Fitch Ratings assigns an 'AA+' program rating to Richland County School District No. 2, South Carolina's (the district) approximately $18.4 million general obligation (GO) bonds, series 2009C, scheduled to be sold competitively May 27, 2009. The rating is based on protections provided by the South Carolina School Credit Enhancement Program, as delineated in Title 59, Chapter 71, Section 155 of the South Carolina Code of Laws. Concurrently, Fitch assigns an underlying rating of 'AA-' to the series 2009C GO bonds. The Rating Outlook is Stable.
The school district's underlying 'AA-' GO rating is based on its sound financial operations evidenced by strong and growing reserves and a conservative fund balance policy; solid capital planning; and proximity to Columbia, the state capital. Also viewed positively is the strong voter support, including the recent approval by 67% of district voters of $305 million in general obligation bonds. Credit concerns stem from the potential budgetary and debt pressures resulting from expected continued enrollment growth as well as uncertainty related to future financial flexibility.
Located in northeastern Richland County, immediately northeast of the city of Columbia, the district is in a primarily residential and retail area covering one-third of the county's total land area. Overall population in the district is estimated to have increased over 24% since 2000 to an estimated 102,919 in 2007. Given its proximity to the state capital, a significant portion of the Richland County workforce is employed by the state government. Additional workforce stability is provided by the presence of Fort Jackson, the U.S. Army's largest training installation. The county's unemployment rate of 8.8% for March 2009 is up notably from 5% a year prior and remains below that of the state and national rate. Per capita income levels are above those of the state and slightly below the national average. Reflecting the county's position as a regional shopping area, per capita retail sales levels comfortably exceed state and national levels.
The district has demonstrated prudent fiscal management by maintaining sound reserve levels despite changing state aid levels and budgetary pressure from rapid enrollment growth, which averaged 4.7% annually over the past five years. The district's unreserved fund balance at the close of fiscal 2008 reached 10.7% of spending, its highest level in at least seven years and in excess of the district's fund balance policy of 7%-12% of the operating budget. The district's financial operations may be negatively affected by South Carolina's passage of Property Tax Relief Act 338. Under the provisions, school districts may no longer levy property tax for operations on owner-occupied homes.

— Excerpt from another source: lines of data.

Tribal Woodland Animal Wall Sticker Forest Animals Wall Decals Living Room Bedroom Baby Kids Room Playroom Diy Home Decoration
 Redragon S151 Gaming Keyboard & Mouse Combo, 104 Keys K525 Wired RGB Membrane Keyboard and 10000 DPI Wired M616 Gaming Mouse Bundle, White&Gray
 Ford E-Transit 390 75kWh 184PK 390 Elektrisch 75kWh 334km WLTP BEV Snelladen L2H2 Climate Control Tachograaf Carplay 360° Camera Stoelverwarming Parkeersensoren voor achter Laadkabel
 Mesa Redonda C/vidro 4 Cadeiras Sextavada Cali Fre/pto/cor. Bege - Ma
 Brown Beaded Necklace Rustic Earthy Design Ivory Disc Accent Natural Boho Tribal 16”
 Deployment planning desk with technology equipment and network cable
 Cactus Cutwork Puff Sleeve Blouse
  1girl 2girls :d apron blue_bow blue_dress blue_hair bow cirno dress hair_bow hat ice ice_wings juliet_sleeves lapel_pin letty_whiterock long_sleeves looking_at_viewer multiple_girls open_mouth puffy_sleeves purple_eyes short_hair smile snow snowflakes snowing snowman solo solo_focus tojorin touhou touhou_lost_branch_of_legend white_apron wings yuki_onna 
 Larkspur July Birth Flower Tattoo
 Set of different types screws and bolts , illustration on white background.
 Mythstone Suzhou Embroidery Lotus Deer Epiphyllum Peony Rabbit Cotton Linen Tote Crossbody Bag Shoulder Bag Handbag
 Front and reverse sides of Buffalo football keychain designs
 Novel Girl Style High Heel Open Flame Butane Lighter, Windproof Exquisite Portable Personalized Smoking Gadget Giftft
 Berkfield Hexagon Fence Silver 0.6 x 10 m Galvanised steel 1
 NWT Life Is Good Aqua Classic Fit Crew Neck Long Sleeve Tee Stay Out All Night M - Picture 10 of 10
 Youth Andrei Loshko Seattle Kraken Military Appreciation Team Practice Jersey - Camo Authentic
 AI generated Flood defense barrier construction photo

The district estimates that approximately 40% of properties fall under this exemption. On properties still subject to the operating property tax, the operating millage rate may increase only at a rate equal to the sum of the consumer price index (CPI) and the district's population growth. This annual millage cap may be overridden by a two-thirds vote of the district's governing body under certain circumstances. The state has replaced this lost property tax revenue with a 1% local option sales tax, effective June 1, 2007. In fiscal 2008, districts were guaranteed to receive revenue equal to what they would have received from forgone property tax levy and this amount will increase annually according to an equation that takes into account inflation, state population growth, and individual district enrollment growth. Fitch notes that this act limits the district's revenue raising flexibility and could lead to reduced financial margins in future years if state aid does not keep up with the district's growing needs. Fiscal 2009 is projected to end with a small surplus while the proposed fiscal 2010 budget is balanced with no use of reserves or planned stimulus funding.
Significant capital needs will likely cause the district's moderate debt burden to increase in the medium-term. At $3,828 per capita and 4.56% of market value, the current overall debt burden is moderately high. Capital needs as indicated by the most recent 10-year school facility study reflect accelerated enrollment growth. Additional debt issuances under the recently approved $305 million include $120 million in 2010, $70 million in 2011 and $46 million in 2012. Despite increasing debt levels, amortization rate is still rapid, with 64.7% of outstanding debt retired within 10 years.